The company attributed its higher tax bill mainly on the impact of the stronger dollar. It added that the fall in value of the Russian rouble and a lag in export duty had also adversely affected its bottom line.
BP also made more provisions for the 2010 oil spill in the Gulf of Mexico, increasing the total by about $200 million to $42.4 billion.
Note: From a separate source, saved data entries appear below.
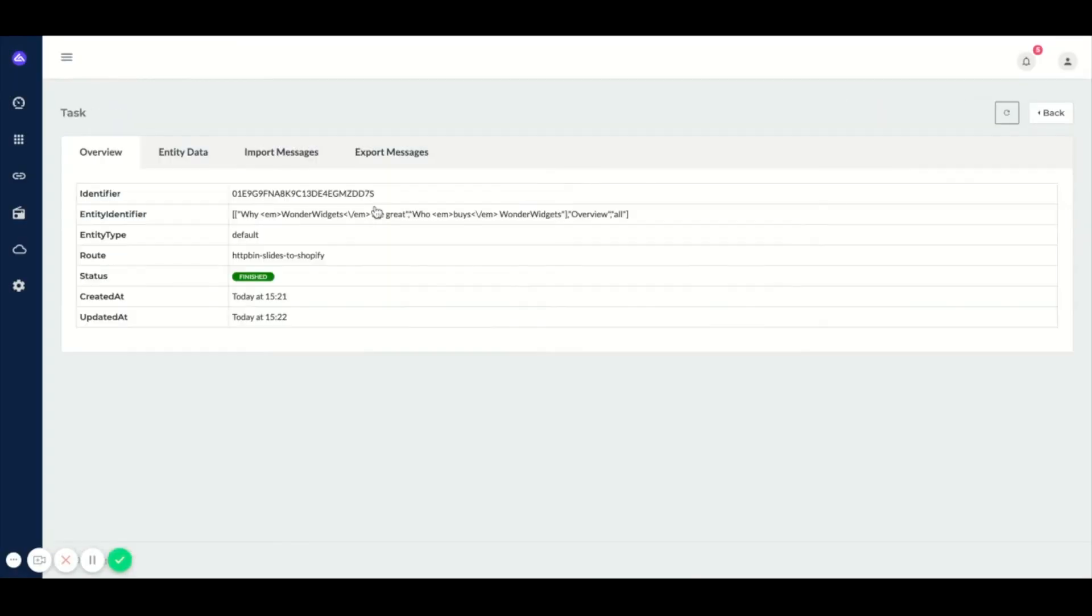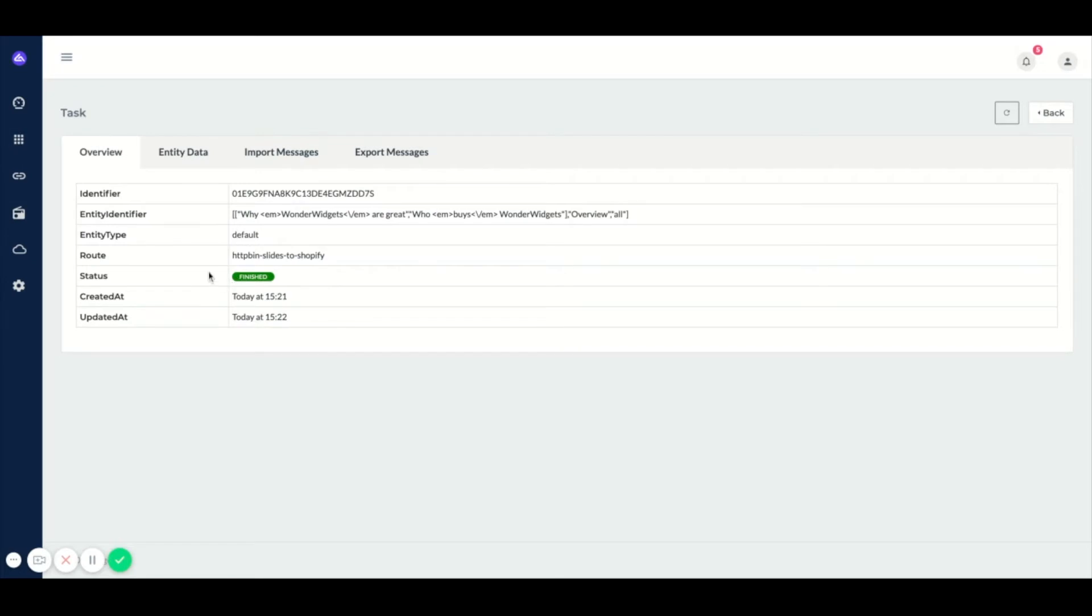Clicking on a certain task will bring you to a page with more information regarding this specific task. On the overview tab, we see the same thing as we saw on the task overview.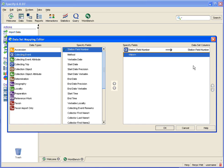So what this means is that whatever data I enter into the station field number in my data set will go into the station field number field in the collecting event table when I decide to add my data or commit my data to the Specify database.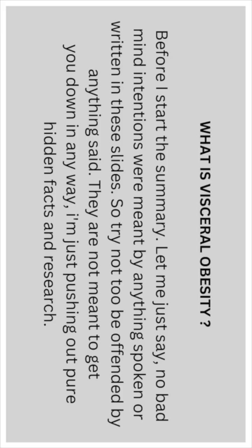Now before I start the summary, let me just say, no bad mind intentions were meant by anything spoken or written in this video. So try not to be too offended by anything said. They are not meant to get you down in any way. I'm just pushing out pure hidden facts and research.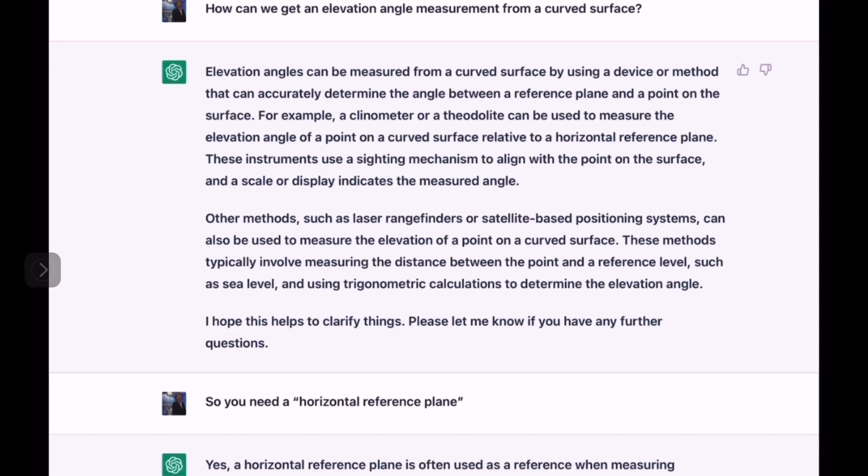Other methods, such as laser range finders or satellite-based positioning systems, can also be used to measure the elevation of a point on a curved surface. These methods typically involve measuring the distance between the point and a reference level, such as sea level, and using trigonometric calculations to determine the elevation angle.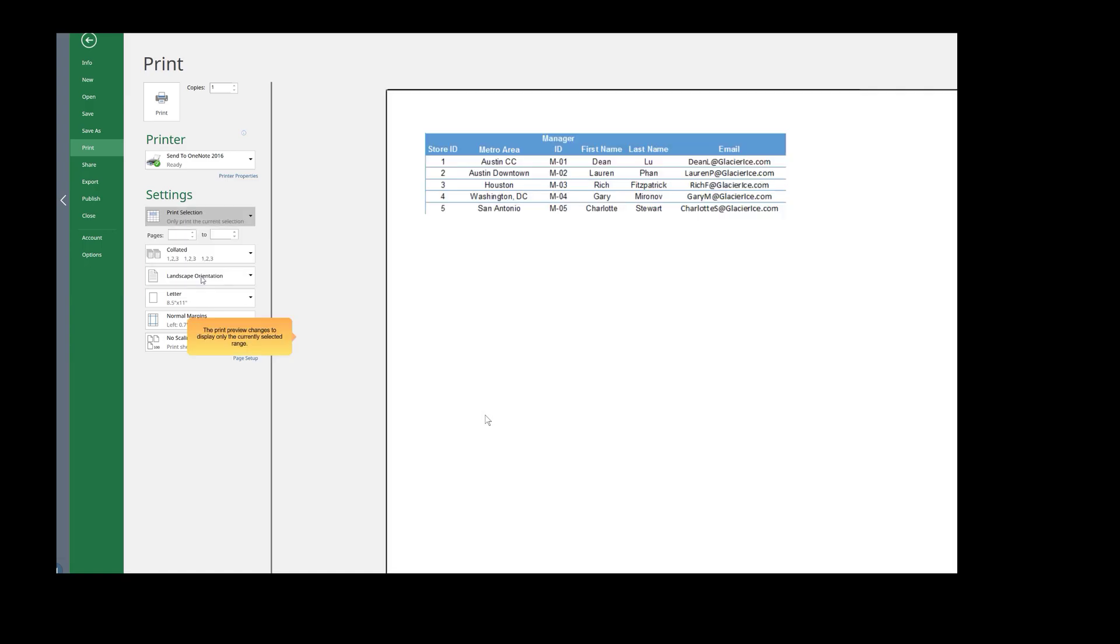The Print Preview changes to display only the currently selected range. Click the Print button.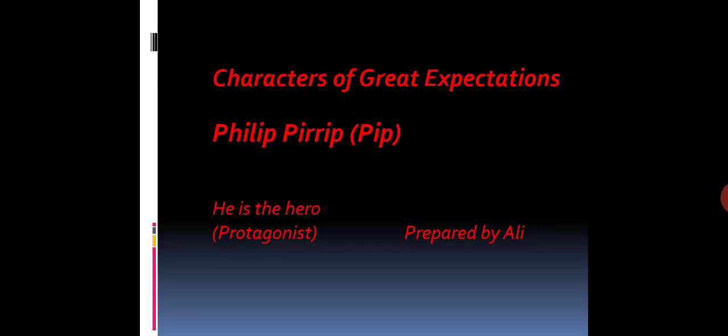He is actually the protagonist, Philip Pirrip, or we call it Pip. Pip is a boy in his childhood. The name Great Expectations represents the expectations of Pip. When the novel starts, we find Pip sitting in the graveyard on the graves of his parents. This novel starts with Pip, so he is the protagonist, he is the hero. Great Expectations represents the great expectations of Pip.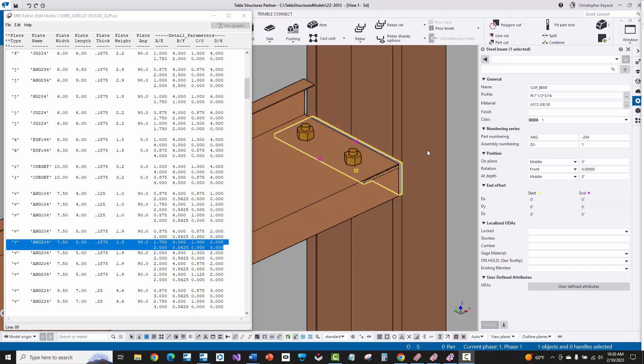Hello, my name is Chris Kijak, and in this video today I'm going to talk a little bit about some of the issues that you might face in dealing with clips that are coming in from MBS Slide Rule into Tekla Structures.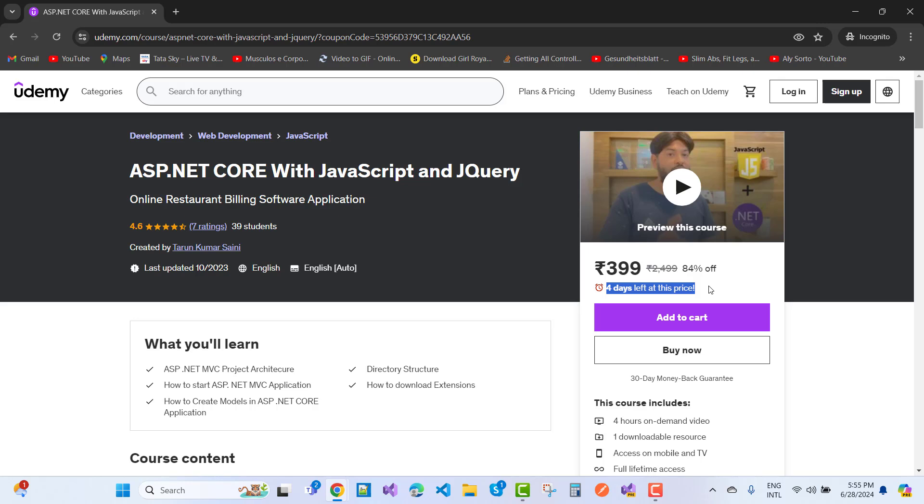Check your video description box where you will find the link. Thank you very much for watching.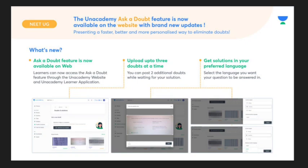If you want to upload your doubts, you will need to upload them. If you want to make your solution in a particular language, you can select it — including English — and access it.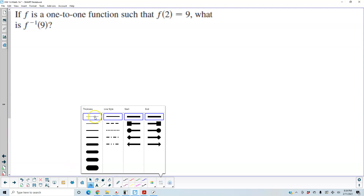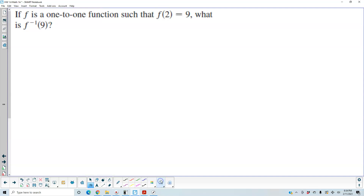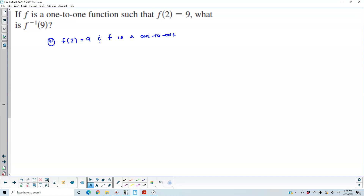If f is a 1-to-1 function such that f of 2 is equal to 9, what is f inverse of 9? Well, first and foremost, we know that f of 2 is equal to 9 is given, and we also know that f is a 1-to-1 function. Therefore, that means that f inverse of 9 is then equal to 2.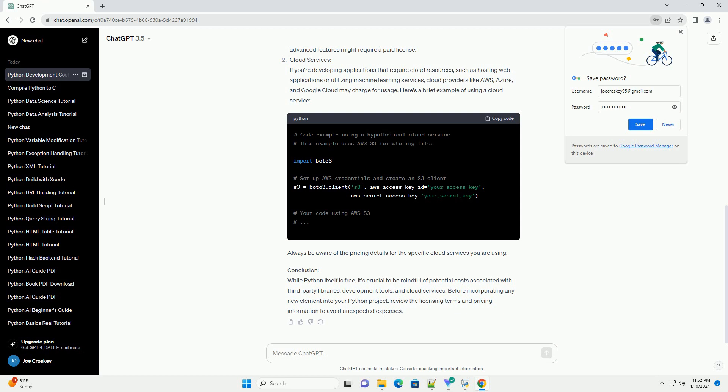While Python itself is free, it's crucial to be mindful of potential costs associated with third-party libraries, development tools, and cloud services. Before incorporating any new element into your Python project, review the licensing terms and pricing information to avoid unexpected expenses.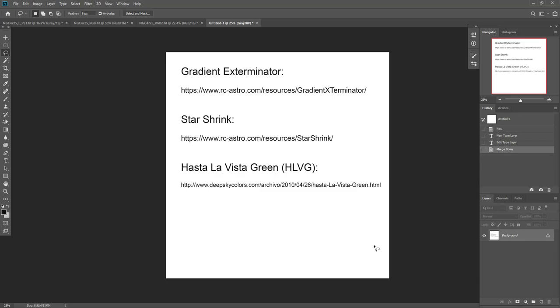So I believe that's the way it works. And so it's up to you how much you want to donate. Star Shrink and Gradient Exterminator, I believe there's a cost to those. But again, I find them very useful and worth the money.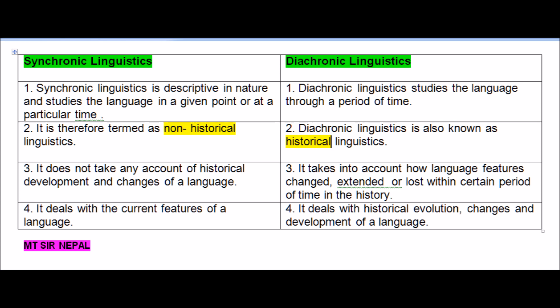Point three: Synchronic linguistics does not take into account historical development and changes of language, whereas diachronic linguistics takes into account how language features change, get extended, or are lost within a certain period of time in history.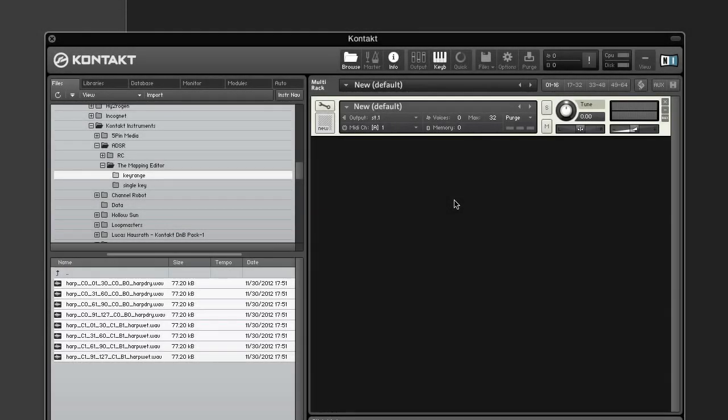The Auto Mapping feature allows you to use parts of sample file names to determine zone information and automatically create zones based on this information. If you have a large number of samples, this can be the difference in whether a deadline is missed or not. In this week's subscriber video, we'll take a look at how you can save time placing zones by mapping samples automatically.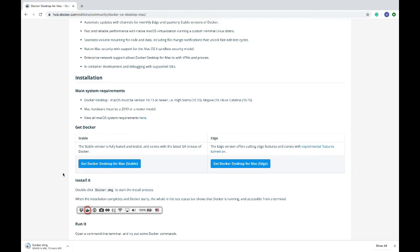Docker Desktop will basically install the Docker engine and Docker Compose, which are required for our project. They also have their own minimum requirements which you should follow. For macOS, it must be version 10.13 or newer and the Mac hardware should be a 2010 model or newer, along with various other requirements they have mentioned.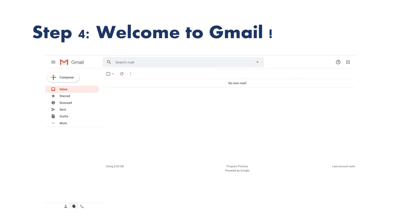Welcome! In those few steps, you were able to log in to your Los Rios Gmail platform. This is your inbox. Here you will receive important emails from ARC. Make sure to take a browse around and get familiar with the platform.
The figure includes a $1.4 billion provision for the settlement with the plaintiffs' steering committee, which brings that figure to $9.6 billion.
The explosion on the Deepwater Horizon platform killed 11 workers and released millions of gallons of oil into the gulf, wreaking economic and environmental damage across several southern states.
CEO Bob Dudley said in a statement that the results showed "strong underlying pre-tax performance" and the group was "seeing growth in production from new high-margin projects and are making good progress in exploration and project delivery."
Keith Bowman, equity analyst at Hargreaves Lansdown Stockbrokers, says BP's new production ventures have moved forward in Brazil, India and the South China Sea.
"In all, BP is a company trying to look forward but remaining firmly anchored to the past," Bowman said. "A full resolution of its Gulf of Mexico accident is still in the balance, whilst both BP and the wider industry remain hostage to uncontrollable factors such as the oil price, government appetite for tax revenues and the strength of the broader global economy."